Winter driving conditions can be tricky for even the most experienced drivers. While a snow-covered road can be an obvious driving hazard, a road that just looks wet can also be deceivingly slippery.
Black ice is a dangerous wintertime hazard because the icy road may not always be visible to the driver. Indeed, melted snow or ice that refreezes may still look deceivingly like a dry road. And temperatures don't have to be below freezing for black ice to develop. Black ice can occur if temperatures are near the freezing mark--or even a few degrees above it.
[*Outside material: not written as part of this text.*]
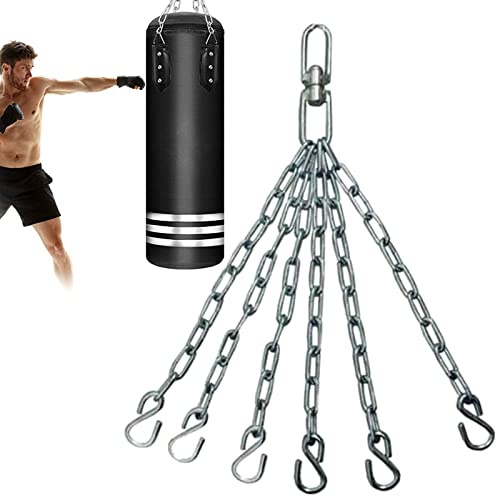 YNR Young & Relentless 3 4 6 Strand Hanging Heavy Duty Steel Chains & Swivel MMA, Boxing Heavy Duty Punch Bag Chain hANGER (6 Chain)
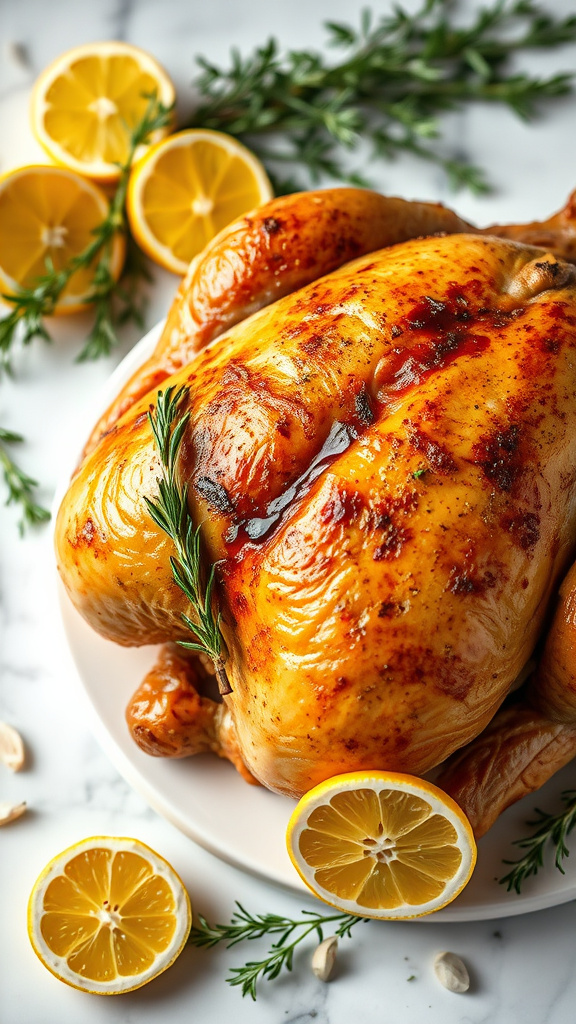 24 Hearty Easter Dinner to Gather Your Family - Zynahz 3. Lemon Herb Roasted Chicken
While a shiny road surface indicates an obviously wet or icy road, a road covered with black ice will look a little different. Keep an eye out for pavement that is slightly darker and a little duller looking than the rest of the road surface-- this may indicate that black ice is present. Because black ice is so tricky to detect, a driver may not realize there is an icy road surface until his car begins to slide. Here are some winter driving safety tips on how to drive on black ice:
As soon as your car begins to slide on black ice, take your foot off the gas pedal. In fact, the last thing you want to do is give your car more gas. It is very important to slow down when you are driving on black ice or in any other winter road conditions.
Don't slam the brakes. While it may be a natural instinct to slam on your brakes, this will only cause your car to lose control and slide even more. Tap the brake pedal lightly instead of pushing down hard on it.
Look for trouble spots ahead. If you have an idea that there may be black ice ahead (if you see cars ahead of you sliding, for example), downshift to a lower gear before you come onto the black ice. The lower gear will force you to drive more slowly and it will give you better control of your car.
If your car does begin to skid on the ice, turn the wheel in the direction of the skid. This should help to steer your car back on the right track.